У Чуковского был дружеский вечер юмора. После таких вечеров участники оставляли свои записи в знаменитой книге отзывов «Чукоккале». Запись Зощенко: «Был. Промолчал 4 часа».
Знакомый фотограф на Невском, у которого Зощенко скрывался однажды, рассказывал: «Вторую неделю не бреется... сам готовит еду... и чтобы ни одного человека! Сидит и молчит».
Горький спросил его в первую встречу: «Что вы такой хмурый, мрачный, почему?» Маяковский: «Я думал, вы будете острить, шутить, балагурить... а вы...» Он начал читать специальные книги по биологии, психологии, гипнозу. Поняв, что его никто не вылечит, решил излечиться сам. И сделал это! В удивительной книге «Перед восходом солнца» можно прочесть историю внутренней душевной погибели и внутреннего исцеления человека, ту историю, что, как правило, остается за семью печатями. Только единицы, такие как Кант или Пастер, победившие, переделавшие себя, позволили себе открыться. И — Зощенко.
«Зато я каждое, каждое утро просыпаюсь теперь счастливым, — говорил он, улыбаясь по-настоящему. — Каждый день для меня праздник, день рождения. Никогда я не испытывал таких приливов безграничного счастья».
...Осталось, однако, описание их последнего свидания с Чуковским весной 1958 года: «Он приехал ко мне в Переделкино совершенно разрушенный, с потухшими глазами, с остановившимся взором. Говорил медленно, тусклым голосом, с паузами, и жутко было смотреть на него, когда он — у самого края могилы — пытался из учтивости казаться живым».

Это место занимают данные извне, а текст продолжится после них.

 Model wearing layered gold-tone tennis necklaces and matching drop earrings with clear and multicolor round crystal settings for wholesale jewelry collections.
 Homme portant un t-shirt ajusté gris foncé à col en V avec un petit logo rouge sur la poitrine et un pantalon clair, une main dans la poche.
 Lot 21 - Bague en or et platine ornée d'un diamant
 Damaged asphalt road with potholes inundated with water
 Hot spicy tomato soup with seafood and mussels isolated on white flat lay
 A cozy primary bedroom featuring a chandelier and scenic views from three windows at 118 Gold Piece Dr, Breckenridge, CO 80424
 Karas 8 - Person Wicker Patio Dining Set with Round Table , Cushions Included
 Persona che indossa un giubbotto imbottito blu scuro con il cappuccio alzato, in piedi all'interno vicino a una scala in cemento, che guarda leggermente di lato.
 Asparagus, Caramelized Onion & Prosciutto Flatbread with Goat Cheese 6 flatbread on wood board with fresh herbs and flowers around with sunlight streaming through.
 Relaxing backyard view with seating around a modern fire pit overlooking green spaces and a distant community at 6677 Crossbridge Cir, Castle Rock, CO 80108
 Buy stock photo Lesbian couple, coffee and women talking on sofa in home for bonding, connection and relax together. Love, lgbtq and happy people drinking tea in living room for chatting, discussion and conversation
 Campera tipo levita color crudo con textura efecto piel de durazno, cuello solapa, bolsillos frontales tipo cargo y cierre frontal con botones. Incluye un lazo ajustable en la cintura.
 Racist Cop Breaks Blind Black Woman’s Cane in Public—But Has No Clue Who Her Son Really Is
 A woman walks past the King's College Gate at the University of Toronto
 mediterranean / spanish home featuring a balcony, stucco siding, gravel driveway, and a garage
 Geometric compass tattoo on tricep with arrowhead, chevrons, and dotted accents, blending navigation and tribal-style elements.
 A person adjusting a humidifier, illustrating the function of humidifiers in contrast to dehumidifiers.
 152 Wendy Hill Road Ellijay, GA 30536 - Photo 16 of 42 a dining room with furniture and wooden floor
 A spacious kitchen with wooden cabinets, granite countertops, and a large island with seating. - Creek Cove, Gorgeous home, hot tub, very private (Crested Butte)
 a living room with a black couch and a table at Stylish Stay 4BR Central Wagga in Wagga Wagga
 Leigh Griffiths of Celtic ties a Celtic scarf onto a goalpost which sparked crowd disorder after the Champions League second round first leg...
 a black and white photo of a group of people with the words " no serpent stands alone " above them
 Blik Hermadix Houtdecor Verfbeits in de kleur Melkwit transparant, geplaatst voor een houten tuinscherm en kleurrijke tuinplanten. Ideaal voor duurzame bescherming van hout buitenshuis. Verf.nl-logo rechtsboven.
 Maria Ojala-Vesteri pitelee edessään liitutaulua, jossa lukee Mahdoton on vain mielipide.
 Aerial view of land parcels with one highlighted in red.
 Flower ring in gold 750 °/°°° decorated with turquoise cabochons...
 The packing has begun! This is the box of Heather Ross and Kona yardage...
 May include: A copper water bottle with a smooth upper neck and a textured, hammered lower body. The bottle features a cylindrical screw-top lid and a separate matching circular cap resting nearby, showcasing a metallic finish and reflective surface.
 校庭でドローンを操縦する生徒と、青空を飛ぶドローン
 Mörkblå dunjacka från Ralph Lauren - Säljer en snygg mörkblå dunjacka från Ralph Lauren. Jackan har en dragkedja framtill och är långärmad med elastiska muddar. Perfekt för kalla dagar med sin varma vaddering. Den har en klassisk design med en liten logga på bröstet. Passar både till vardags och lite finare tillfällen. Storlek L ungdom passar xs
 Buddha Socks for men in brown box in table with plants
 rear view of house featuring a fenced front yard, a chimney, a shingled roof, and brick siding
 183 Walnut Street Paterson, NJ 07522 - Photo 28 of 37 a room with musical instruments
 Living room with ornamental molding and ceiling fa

К прежней душевной ипохондрии писателя это не имело прямого отношения. Это имело прямое отношение к грубому партийному окрику, к запрещению печататься.
ДОСЬЕ
Михаил Зощенко (1894–1958) — писатель, сатирик, драматург. В Первую мировую ушел добровольцем на фронт. Награжден Георгиевским крестом. К середине 20-х годов XX века стал популярным автором, пишущим «на языке, на котором говорит и думает улица». Постановлением ЦК ВКП(б) от 14 августа 1946 года назван «клеветником», исключен из Союза писателей, лишен пенсии. В Союзе писателей восстановлен после смерти Сталина.